License to kill: how the GOP helped John Allen Muhammad get a sniper rifle
Washington Monthly, Jan-Feb, 2003 by Brent Kendall
Convenient Lack of Suspicion
Every year, more than 200,000 guns used in crimes are traced back to licensed gun dealers like Bull's Eye. Some are originally purchased by law-abiding citizens and later stolen. Others get sold (inadvertently) by dealers to "straw purchasers" who don't have criminal records but are acting as fronts for criminals. In many other cases, however, gun dealers eager to make an extra buck simply sell firearms to anyone who wants them, skipping background checks and falsifying paperwork to cover their tracks.

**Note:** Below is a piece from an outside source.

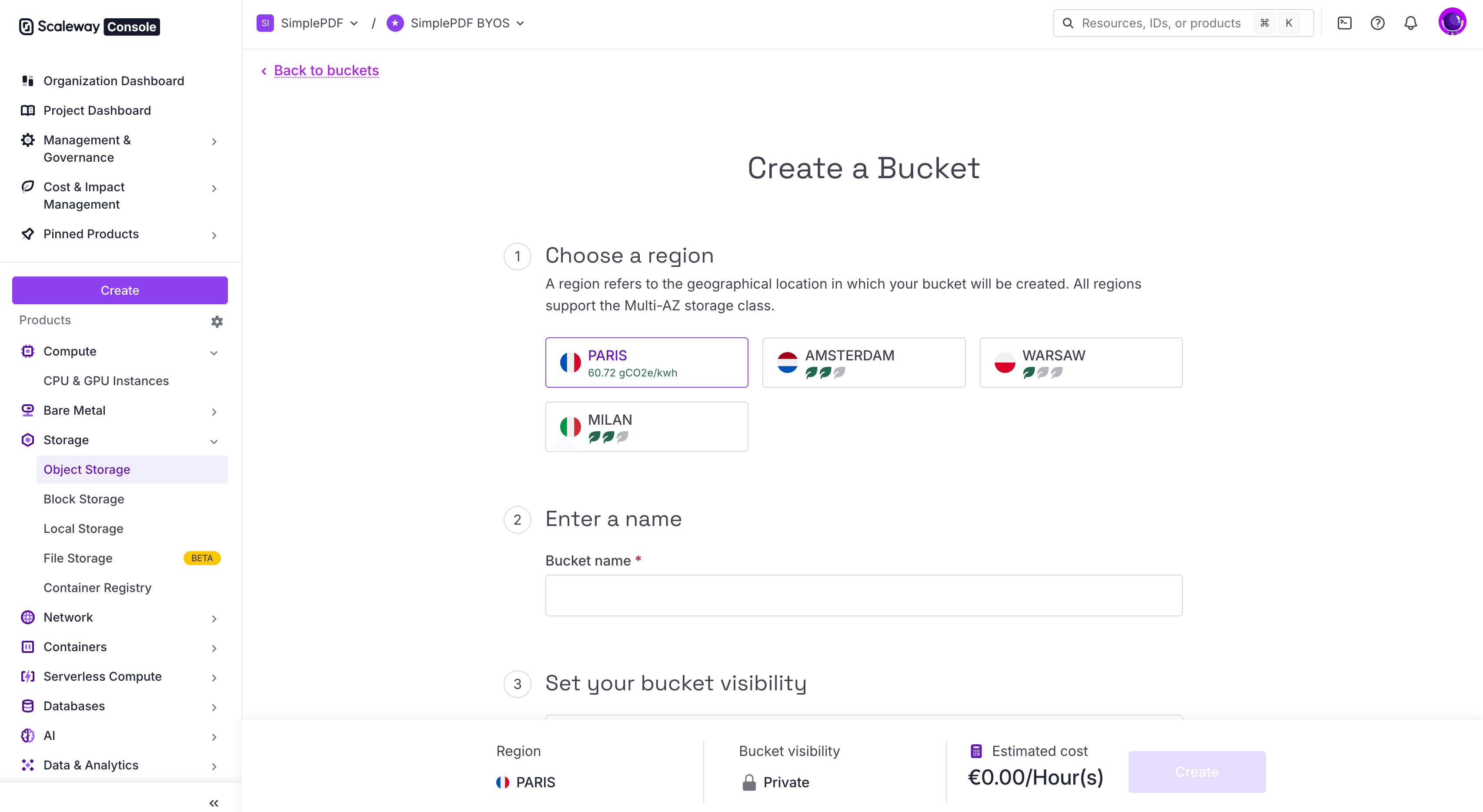 Scaleway Object Storage create-a-bucket form with region picker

Of the 83,000 retail firearms dealers in America, ATF shuts down only about 25 annually. These are the most egregious wrongdoers, dealers caught red-handed fencing stolen weapons or openly selling large numbers of firearms to criminals. Yet these few cases account for only a fraction of the guns that flow to criminals from licensed dealers. The bigger problem stems from hundreds of other dealers who, through laziness, sloppy inventory control, convenient lack of suspicion, or under-the-table shenanigans, wind up arming criminals.

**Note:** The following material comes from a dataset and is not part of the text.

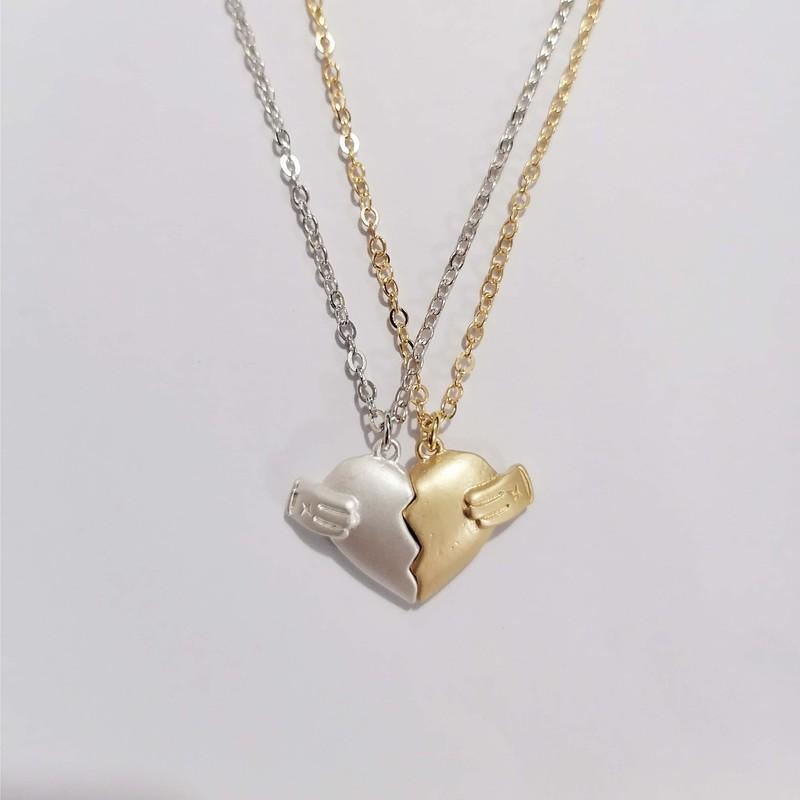 Creative Magnet Love Necklace | Fashion Jewelry Cross Chain Gold White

It is these dealers that ATF has virtually no power to control. Though it can shut a dealer down permanently--a fitting punishment only in egregious cases--ATF has no power to temporarily suspend a dealer's license, or impose a fine--steps that might remind a dealer to be vigilant about sales rules. Nor can it audit a gun dealer more than once a year, a rule that assures crooked dealers 364 days to do uninterrupted business. And because of dubious judicial precedent, the bureau's agents can't get a dealer charged with selling to a felon by going undercover and posing as felons.
Worse still, from a law-enforcement perspective, is the fact that federal law treats all record-keeping errors by gun dealers as, at most, misdemeanors--even in cases where ATF can prove that a dealer falsified records. This makes it practically impossible to bring gun dealers to court for record-keeping violations, since federal prosecutors, already burdened with more felony cases than they can litigate, usually don't accept misdemeanor referrals.

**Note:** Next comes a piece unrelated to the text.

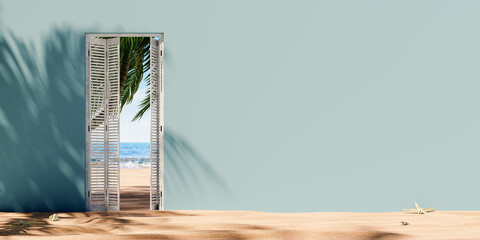 Wall Mural - Opened door at the sand beach with sea view and empty wall background. Summer vacation concept. 3D Rendering, 3D Illustration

You'll be hard pressed to find another federal agency that, charged with enforcing laws dealing with legal but potentially dangerous products, must operate under similar handicaps. The Drug Enforcement Administration, which monitors the illegal diversion of prescription drugs, can pursue felony charges against a pharmacy for record-keeping problems; temporarily suspend the license of a problematic pharmacy; and when it has evidence of wrongdoing, mount an undercover approach to determine if a doctor is writing bogus prescriptions or if a pharmacist is illegally dispensing controlled substances. Even the Department of Agriculture, which is notoriously emasculated when it comes to enforcing federal standards, can, after a major food poisoning incident, temporarily stop production at an unsanitary meat packing plant, fine the plant, and re-visit for a new round of inspections in six months.